Work instruction:
Using the data below, transcribe exactly everything from the line that contains "Abdullah Avcı Trabzonspor" down to the line that contains "Immobile in asta". Include both of those lines and none of the pictures.

Given data:
-*-

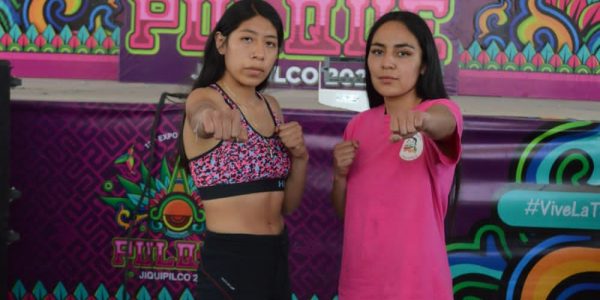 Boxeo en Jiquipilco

-*-

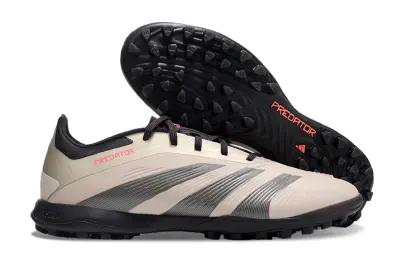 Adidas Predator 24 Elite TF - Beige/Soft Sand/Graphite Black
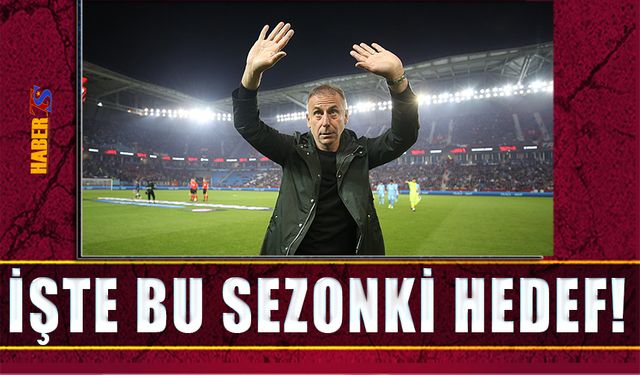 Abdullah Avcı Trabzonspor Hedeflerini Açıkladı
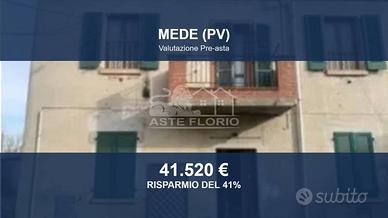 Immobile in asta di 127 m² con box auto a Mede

-*-

Your response:
 Abdullah Avcı Trabzonspor Hedeflerini Açıkladı
 Immobile in asta di 127 m² con box auto a Mede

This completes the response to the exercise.